If there is one thing businesses can count on, it is continuing and seemingly never-ending changes to U.S. business tax laws. The countless modifications in recent years apparently have not been enough, and new regulations are on the horizon.
An election year adds to the uncertainty for businesses. This year will be no different, particularly if the presidential election is in limbo following November 3rd. Never has it been more critical to employ ongoing strategies to plan for potentially higher taxes while minimizing the burdens.
Ever-Changing Tax Codes and Their Impact
Several tax changes were driven by the current global health crisis.

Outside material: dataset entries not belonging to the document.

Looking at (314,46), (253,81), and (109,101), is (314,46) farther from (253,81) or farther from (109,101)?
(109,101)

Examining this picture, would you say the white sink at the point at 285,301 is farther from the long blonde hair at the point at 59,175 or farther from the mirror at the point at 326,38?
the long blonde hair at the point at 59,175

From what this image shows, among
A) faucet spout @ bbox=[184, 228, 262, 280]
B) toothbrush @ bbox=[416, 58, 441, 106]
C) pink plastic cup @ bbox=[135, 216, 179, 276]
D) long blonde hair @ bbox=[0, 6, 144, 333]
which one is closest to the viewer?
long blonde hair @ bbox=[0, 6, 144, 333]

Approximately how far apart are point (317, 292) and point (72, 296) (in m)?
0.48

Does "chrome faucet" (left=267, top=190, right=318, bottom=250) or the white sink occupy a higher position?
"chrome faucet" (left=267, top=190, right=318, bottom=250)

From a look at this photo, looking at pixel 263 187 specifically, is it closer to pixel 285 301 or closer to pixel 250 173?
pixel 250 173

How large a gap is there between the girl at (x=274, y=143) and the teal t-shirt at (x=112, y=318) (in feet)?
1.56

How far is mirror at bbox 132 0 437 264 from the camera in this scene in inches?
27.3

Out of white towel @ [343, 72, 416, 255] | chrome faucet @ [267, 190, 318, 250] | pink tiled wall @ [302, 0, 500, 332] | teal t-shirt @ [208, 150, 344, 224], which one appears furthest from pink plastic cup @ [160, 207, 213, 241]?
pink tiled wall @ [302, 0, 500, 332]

In an effort to stabilize business operations and facilitate investments and staff retention, the government issued delays in payroll taxes and extended tax deadlines.
However, more looming changes range from a decrease next year in how much businesses can deduct interest (currently at 50 percent of adjusted business income) to campaign promises of increasing the corporate tax rate beyond the current 21 percent.

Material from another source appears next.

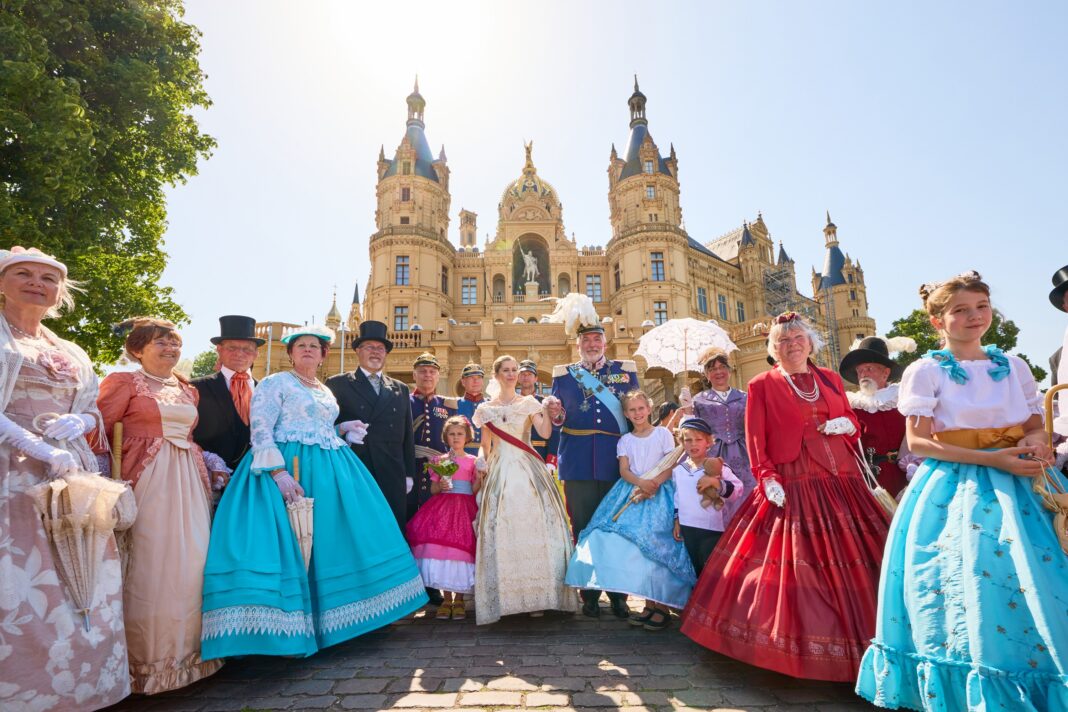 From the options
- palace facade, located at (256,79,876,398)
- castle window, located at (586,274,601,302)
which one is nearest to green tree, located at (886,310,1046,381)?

Despite the current, pandemic-driven unpredictability, sound and comprehensive planning and strategies with help from a legal tax planning team can make a difference in maximizing tax reductions and minimize burdens. Waiting for stabilization or pushing ahead with a “business as usual” approach can lead to unnecessary over taxation.
Avoiding a plan can be disastrous for the future of a business enterprise. Embracing the change and allotting the time to devise and employ strategies can make a difference.